• [Dataset extract]
--- --- ---

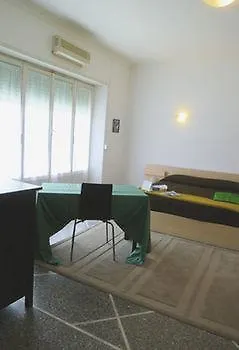 Ξενοδοχείο με διαμερίσματα Belsito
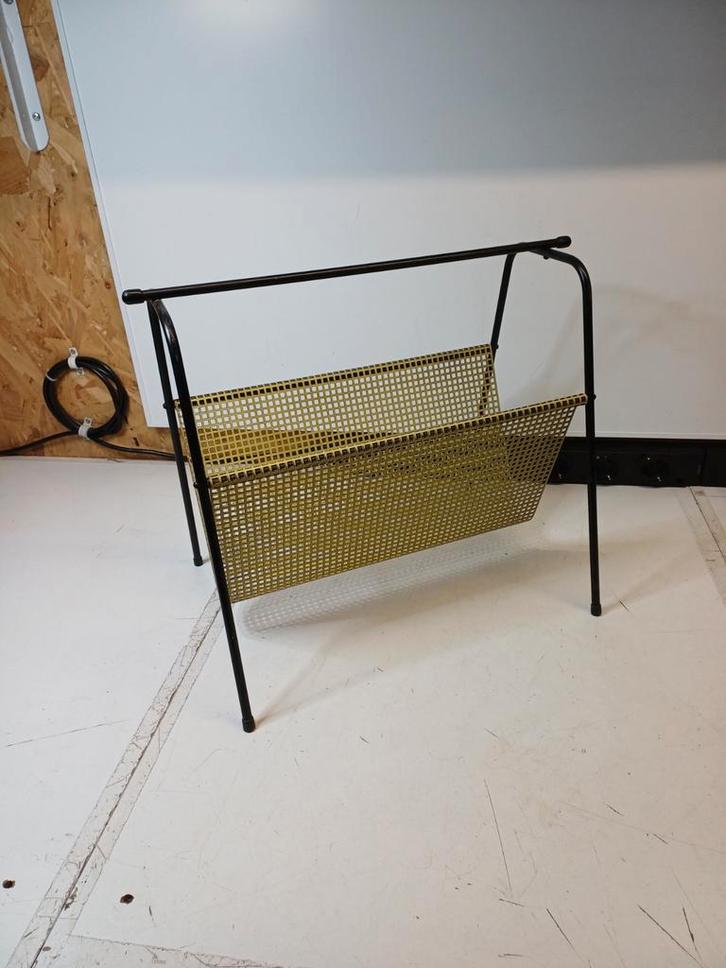 Pilastro Tijdschriftenrek Tjerk Reijenga Jaren 50, Huis en Inrichting, Woonaccessoires | Krantenbakken en Lectuurbakken, Ophalen of Verzenden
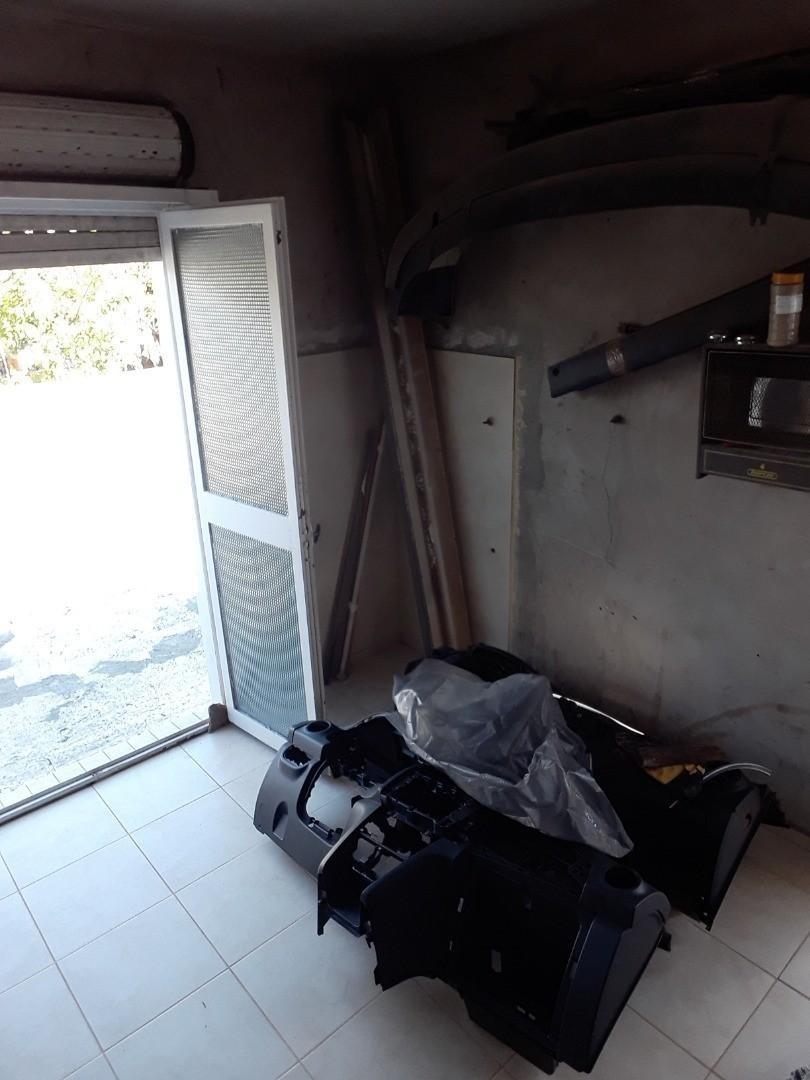 CASA EN VENTA CON AMPLIO GARAJE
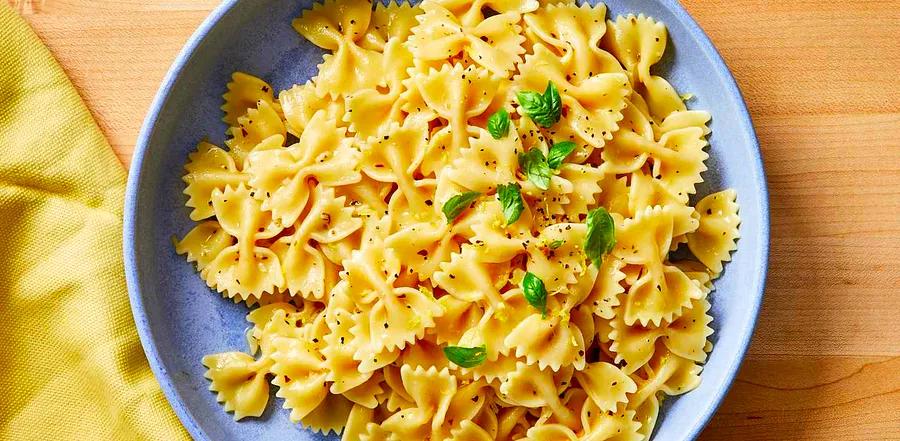 Lemon Butter Herb Pasta Dish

--- --- ---

• [Task to carry out] Transcribe all lines above exactly, skipping pictures.

• [Answer section]
 Ξενοδοχείο με διαμερίσματα Belsito
 Pilastro Tijdschriftenrek Tjerk Reijenga Jaren 50, Huis en Inrichting, Woonaccessoires | Krantenbakken en Lectuurbakken, Ophalen of Verzenden
 CASA EN VENTA CON AMPLIO GARAJE
 Lemon Butter Herb Pasta Dish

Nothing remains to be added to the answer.